Melez Şehri
Olimpos' un Kanı

Sobek'in Oğlu Ön Okuma

Sobek'in Oğlu Ön Okuma

 

 
Nehrin yüzeyi köpürdü. Timsah gitmişti, ama altı metre kadar ileride, bataklıkta kot pantolon ve soluk turuncu renkte bilmem ne KAMPI yazan bir tişört giymiş genç bir çocuk duruyordu. Tişörtün üzerindeki yazının tamamını okuyamadım. Çocuk benden biraz büyük görünüyordu -belki on yedi- karmakarışık siyah saçları ve deniz yeşili gözleri vardı. En çok dikkatimi çeken kılıcı oldu -düz, iki tarafı keskin kılıç, soluk bronz bir ışıltı yayıyordu.

Hangimiz daha çok şaşırdık bilemiyorum.

Kampçı Çocuk bir süre sadece yüzüme baktı. Sonra kopeşim ve değneğim dikkatini çekti, ve elimdekileri olduğu gibi gördüğünü anladım. Normalde ölümlüler büyüyü görmekte sorun yaşardı. Zihinleri bu görüntüleri algılamazdı, yani kılıcımı bir beysbol sopası veya baston olarak görebilirlerdi.

Ama bu çocuk... farklıydı. Büyücü olabilirdi. Fakat Kuzey Amerika nomlarından bir sürü büyücü tanıyordum ve bu çocuğa daha önce hiç rastlamamıştım. Görünüşe bakılırsa çocuk, şey...
Mısırlı değildi.

"Timsah," dedim sesimdeki sükuneti korumaya çalışarak. "Nereye gitti?"

Kampçı Çocuk kaşlarını çattı. "Bir şey değil."

"Ne?"

"Timsaha arkadan bastırdım." Kılıcıyla hareketi taklit etti. "Sonra da seni kustu. Yani bir şey değil. Sen burada ne yapıyordun?"

İtiraf edeyim iyi günümde değildim. Leş gibi kokuyordum. Yaralanmıştım. Ve, evet, birazcık utanmıştım: Brooklyn Evi'nin lideri yüce Carter Kane sanki koca bir tüy yumağıymışcasına bir timsah tarafından kusulmuştu.

"Şekerleme yapıyordum," diye tersledim onu. "Sen ne yaptığımı sanıyordun? Şimdi, sen kimsin ve benim canavarımla neden savaşıyorsun?"

"Senin canavarın mı?" Çocuk suyun içinde bata çıka bana yürüdü. Çamurun içinde yürümekte zorlanmıyor gibiydi. "Bak dostum, kim olduğun hakkında bir fikrim yok ama bu timsah haftalardır Long Island'da terör estiriyor. Şahsen bunu üstüme alındım. Birkaç gün önce bu yaratık pegasuslarımızdan birini yedi."
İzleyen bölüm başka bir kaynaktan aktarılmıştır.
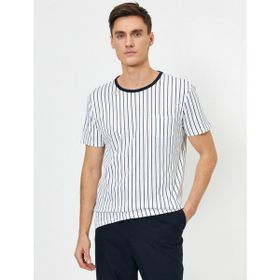 Koton 5YAM19709OK Lacivert Çizgili Erkek T-Shirt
Elektrikli tellere takılmışım gibi omurgamda bir akım hissettim. "Pegasus mu dedin sen?"

Sorumu geçiştirdi. "Bu senin canavarın mı şimdi?"
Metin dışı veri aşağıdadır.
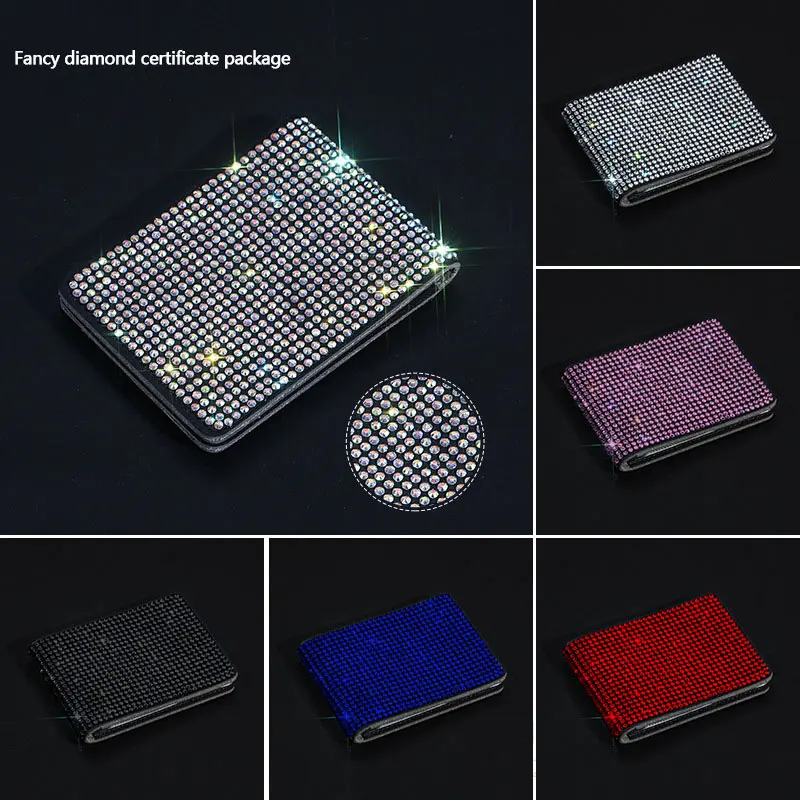 

Women Motor Vehicle Driving Protection Case Female Diamond Leather Car Driving Documents Case Couple Automotive Interior Supply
"O şey benim değil!" diye gürledim. "Onu durdurmaya çalışıyordum! Şimdi nerede-"

"Timsah şu yöne gitti." Çocuk kılıcıyla güneyi gösterdi. "Uzun zamandır onu takip ediyordum ama karşıma sen çıktın."

Beni gözleriyle süzdü ve bu benden bir karış daha uzun olduğu için epey can sıkıcıydı. Hala çocuğun tişörtünü okuyamamıştım, sadece KAMPI kelimesi çıkıyordu. Boynunda, anaokulu çocuklarının elişi projesiymiş gibi renkli boncuklar bulunan deri bir kolye vardı. Yanında hiç büyücü çantası veya değneği taşımıyordu. Belki de onları Duat'a koymuştu? Ya da sadece, yanlışlıkla sihirli bir kılıç bulup kendini kahraman sanan hayalperest bir ölümlüydü. Antik aletler insanın kafasını fena karıştırır.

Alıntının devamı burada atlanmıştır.